THE popular dublinbikes scheme is set to have 5,000 bicycles within four years.
There are 550 bikes available at the moment across the city's 99 stations.
Now the scheme is undergoing its phase-three expansion which will take the number of bikes from its current level to 1,500 by June with 102 stations.
However, such is the popularity of the scheme that Lord Mayor Oisinn Quinn said there will be 5,000 bikes across the city and into the suburbs by 2017 at the latest.
"The ultimate objective is to bring the numbers up to 5,000 – that's the realistic estimate that we have," said Mr Quinn.
"That will be a very big scheme and it will be nearly 10 times greater than the 550 that we started at."
The Lord Mayor said the 5,000 mark is a planned initiative and that the figure was decided on as the maximum number of bikes the city's traffic plan could contend with.
Junior Transport Minister Alan Kelly said the scheme is one of the most successful in the world.

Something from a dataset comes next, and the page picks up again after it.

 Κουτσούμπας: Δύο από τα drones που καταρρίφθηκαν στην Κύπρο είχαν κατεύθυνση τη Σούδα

"It has raised awareness of cycling in general in Dublin and the number of cyclists has gone up by over 40pc since its introduction," he said.

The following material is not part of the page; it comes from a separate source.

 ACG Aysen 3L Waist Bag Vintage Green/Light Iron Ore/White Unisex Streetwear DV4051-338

"Motorists have even changed their behaviour and are more accommodating of cyclists, and the general visibility of cycling has come on.
"Cycling has taken off massively in this country thanks to dublinbikes and other measures.

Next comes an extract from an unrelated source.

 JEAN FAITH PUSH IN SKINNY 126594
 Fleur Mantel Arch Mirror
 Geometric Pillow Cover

"I expect the expansion over the next few years to be a huge success."
On March 12, dublinbikes recorded a record number of trips in one day, with 7,642 journeys being made.
Mr Quinn described the figure as "great", saying "we know the demand is there".
"I expect the record will be broken further come the summer," he added.
"With the longer evenings coming in and better weather, more people use the bikes and also with more on the road by June."
The scheme is in talks with a major sponsor to fund the next big expansion.
It is understood that negotiations are in final stages.
In New York the bike scheme is sponsored by Citi Bank and in London it is supported by Barclays Bank.
Mr Quinn is himself an avid user of dublinbikes, hiring them several times a week to get around the city.
Since launching in 2009, dublinbikes has been widely recognised as one of the most successful city cycling schemes worldwide.
To date, more than six million journeys have been made and there are more than 36,000 active long-term subscribers, with 95pc of journeys taking less than 30 minutes.
Any journey under 30 minutes is free.
The latest expansion which started last November will see stations reach as far west as Heuston Station and as far east as the Docklands.